U.S. State Department spokesperson Ned Price denounced the comments as "repugnant" and an "incitement to violence," but progressive supporters of Palestinian rights urged the Biden administration to go further and refuse Smotrich entry to the United States.
"It is time for the Biden administration to end its hollow words of concern and condemnation and to start taking action," said Beth Miller, political director of Jewish Voice for Peace Action (JVP). "Bezalel Smotrich, an Israeli government official with sweeping power over the occupied West Bank, is publicly and unabashedly inciting genocide and supporting settler pogroms.
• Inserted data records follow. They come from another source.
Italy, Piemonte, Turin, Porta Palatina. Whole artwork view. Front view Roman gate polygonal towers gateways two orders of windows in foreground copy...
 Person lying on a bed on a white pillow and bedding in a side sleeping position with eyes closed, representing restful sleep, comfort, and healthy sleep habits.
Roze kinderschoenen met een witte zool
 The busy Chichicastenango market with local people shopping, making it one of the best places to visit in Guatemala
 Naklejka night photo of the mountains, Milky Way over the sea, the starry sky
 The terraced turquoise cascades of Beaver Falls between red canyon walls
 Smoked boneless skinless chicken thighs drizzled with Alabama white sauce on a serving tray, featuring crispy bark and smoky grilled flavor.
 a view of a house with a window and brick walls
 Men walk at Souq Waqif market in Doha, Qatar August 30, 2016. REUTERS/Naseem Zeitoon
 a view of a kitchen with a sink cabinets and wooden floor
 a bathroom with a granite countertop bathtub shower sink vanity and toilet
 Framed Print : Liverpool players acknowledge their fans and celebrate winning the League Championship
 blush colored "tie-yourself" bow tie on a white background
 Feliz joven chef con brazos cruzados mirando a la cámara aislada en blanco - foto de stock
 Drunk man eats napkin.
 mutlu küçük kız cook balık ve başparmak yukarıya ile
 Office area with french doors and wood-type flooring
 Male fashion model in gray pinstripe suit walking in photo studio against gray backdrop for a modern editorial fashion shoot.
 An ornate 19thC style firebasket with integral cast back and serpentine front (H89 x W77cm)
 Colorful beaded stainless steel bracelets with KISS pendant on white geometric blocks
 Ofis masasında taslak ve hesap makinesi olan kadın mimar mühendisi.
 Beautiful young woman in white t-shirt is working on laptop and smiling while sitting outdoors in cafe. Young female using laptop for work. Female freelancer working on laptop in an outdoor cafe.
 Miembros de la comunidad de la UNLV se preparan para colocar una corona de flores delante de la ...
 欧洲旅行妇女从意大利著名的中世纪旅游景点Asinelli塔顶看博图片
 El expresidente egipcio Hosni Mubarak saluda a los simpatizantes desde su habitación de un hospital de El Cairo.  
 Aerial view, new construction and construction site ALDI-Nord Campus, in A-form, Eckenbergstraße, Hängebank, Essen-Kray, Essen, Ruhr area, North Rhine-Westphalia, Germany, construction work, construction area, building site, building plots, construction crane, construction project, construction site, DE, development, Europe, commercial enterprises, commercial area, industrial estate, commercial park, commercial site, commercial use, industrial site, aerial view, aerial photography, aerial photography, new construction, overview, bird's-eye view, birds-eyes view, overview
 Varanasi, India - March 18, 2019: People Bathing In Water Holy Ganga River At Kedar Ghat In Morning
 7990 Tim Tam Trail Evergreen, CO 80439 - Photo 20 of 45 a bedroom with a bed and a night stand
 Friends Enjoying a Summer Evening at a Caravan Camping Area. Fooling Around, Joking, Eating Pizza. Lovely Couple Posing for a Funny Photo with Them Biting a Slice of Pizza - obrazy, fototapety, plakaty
If Biden fails to take action at this moment, the U.S. will be fully complicit in the violence that comes next."
Sunday's violence in the occupied West Bank was "the worst settler attack in decades," said JVP, with hundreds of people living in illegal settlements burning homes and vehicles and injuring 350 Palestinians in the villages of Hawara, Zatara, and Burin. One man, a 37-year-old father of three named Sameh al-Aqtash, was killed.
The attack was called a "pogrom" by one Israeli military commander, and Israeli police have arrested 10 people in connection with the attack.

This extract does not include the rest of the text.